Military operations inside Pakistan do pose international legal problems, but it’s not because of the drones. It’s because the United States is technically not at war with Pakistan and because U.S. drone operations in Pakistan are being conducted by the CIA rather than the armed forces. The former violates the U.N. Charter; the latter arguably violates the rules on lawful combat in the Geneva Conventions. These dynamics create legal problems for U.S. military operations in Pakistan whether they are carried out by drones or by SEAL teams on the ground, as in the Abbottabad raid that killed Osama bin Laden. A drone, in short, can be one means by which international law is violated, but it itself is not the source of the violation.

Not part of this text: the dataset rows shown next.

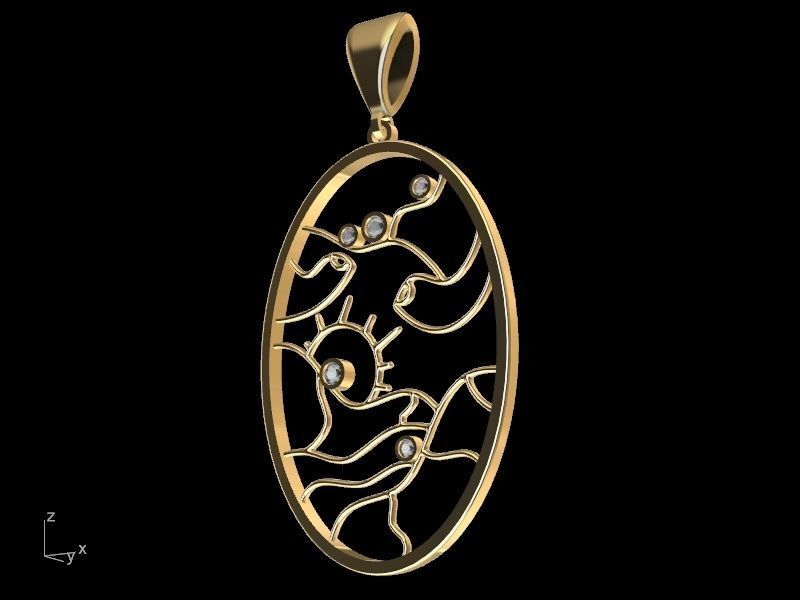 4 models scenery jewellery set stl verified  3D print model_46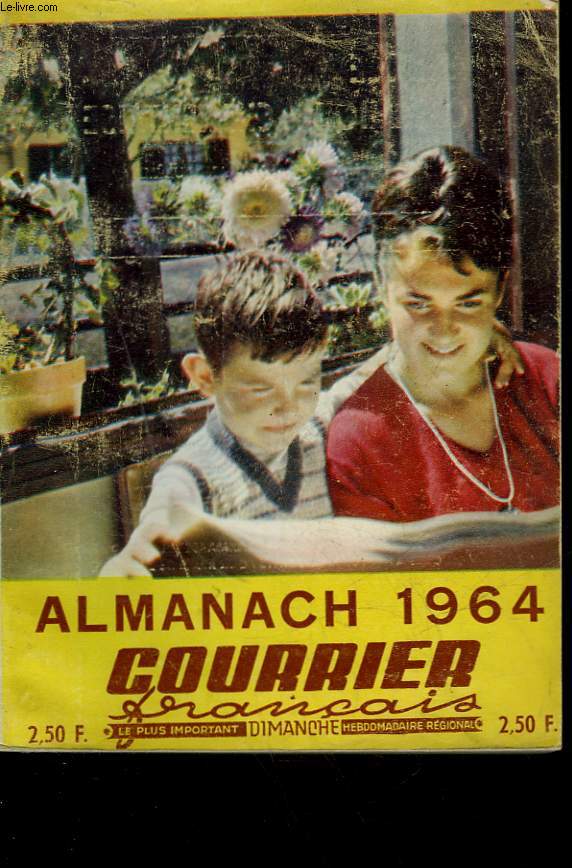 ALMANACH 1964 - COURRIER FRANCAIS
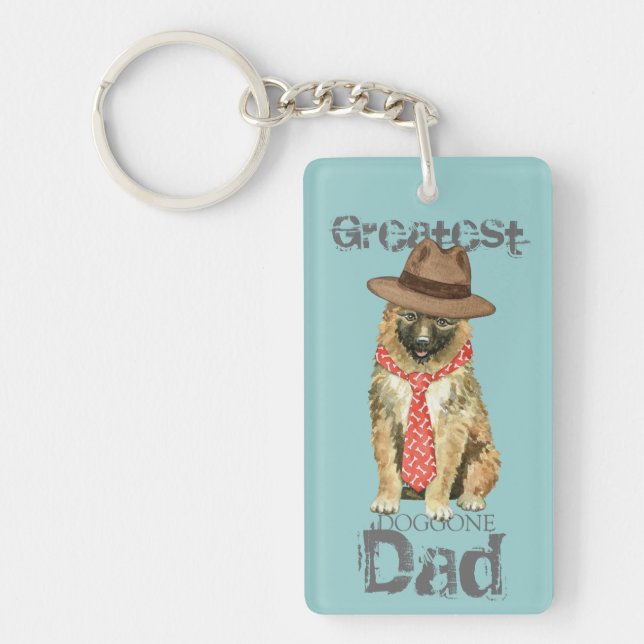 Belgian Laekenois Dad Keychain (Front)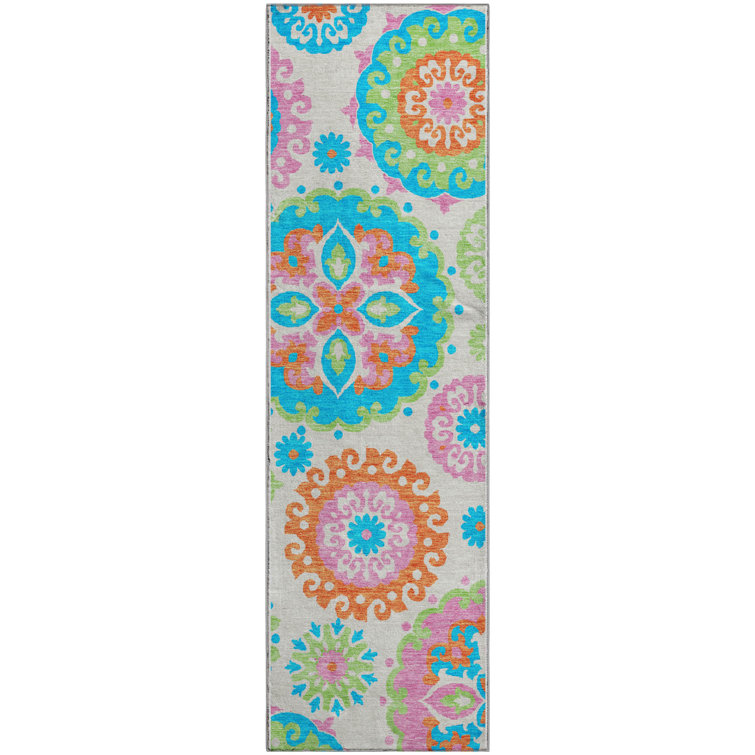 Premium Machine Washable Prisco White Rug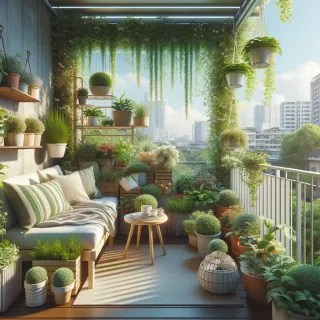 Transform Your Balcony or Patio into a Lush Garden Oasis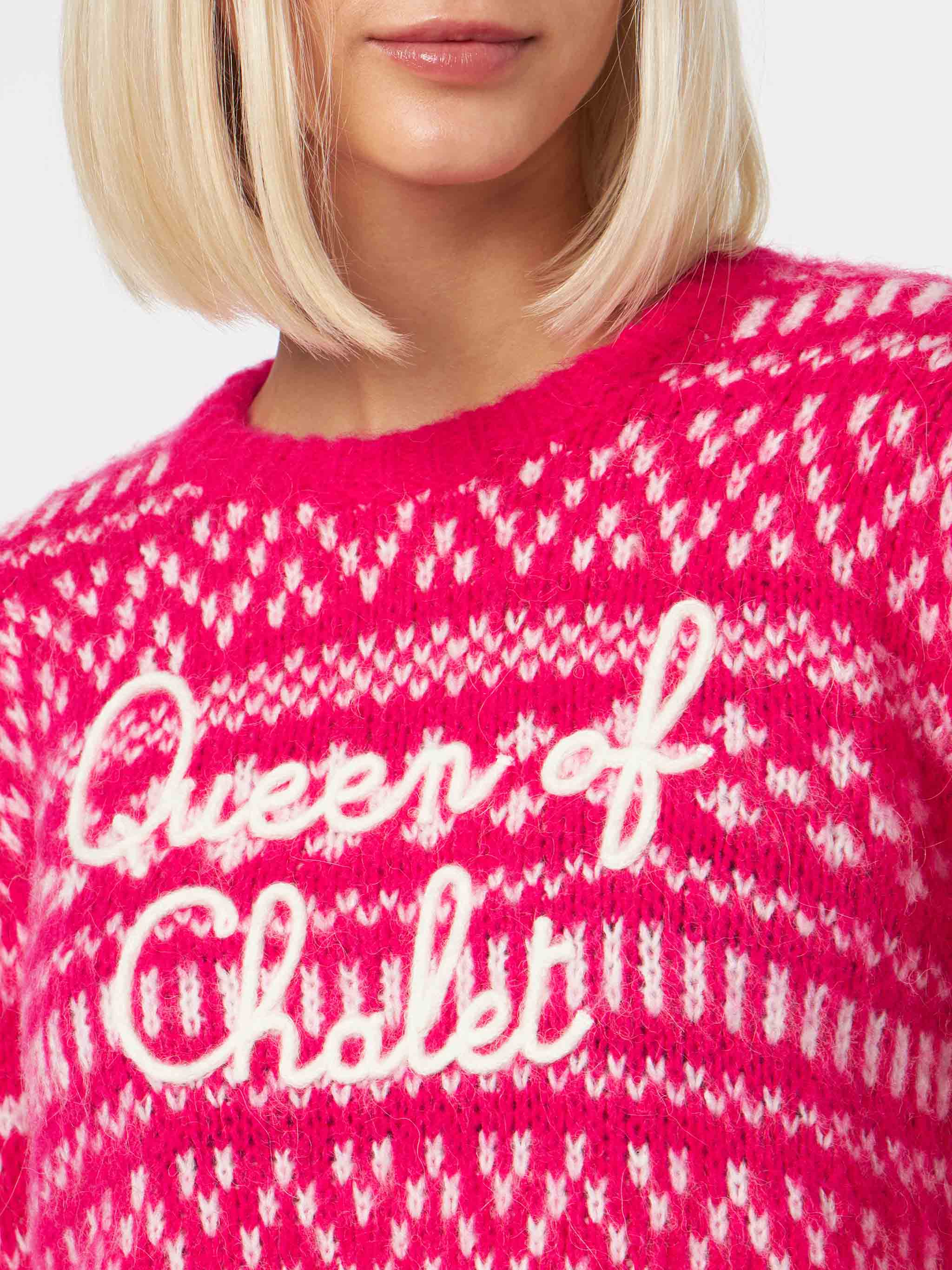 mc2-saint-barth-new-queen-que0025-maglia-donna-fucsia-queen-of-chalet-fair-isle image 2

The legal debate over drones needs to refocus on what drones are being used for, not on the nature or effects of the weapons themselves. The real issue is not drones, but the summary execution of suspected criminals without evidence or trial, in complete secrecy, at perhaps an unacceptable cost to innocent lives. Whether this is happening with or without the consent of the Pakistani or Yemeni government is irrelevant. Whether it is being conducted by the CIA or by the U.S. military is irrelevant. Whether it is occurring with remotely piloted drones, manned aircraft, special operations forces, or death squads is irrelevant. What matters is whether extrajudicial execution is or is not the best way to protect citizens against terrorist attacks.
Those who oppose the way drones are used should shift focus to one of the big normative problems touched by the drone issue: the military robotics revolution, collateral-damage control, and the return of extrajudicial execution. Focusing on the drones themselves misses this bigger picture.
Update: This article has been changed to reflect factual issues with the characterization of the New America Foundation dataset.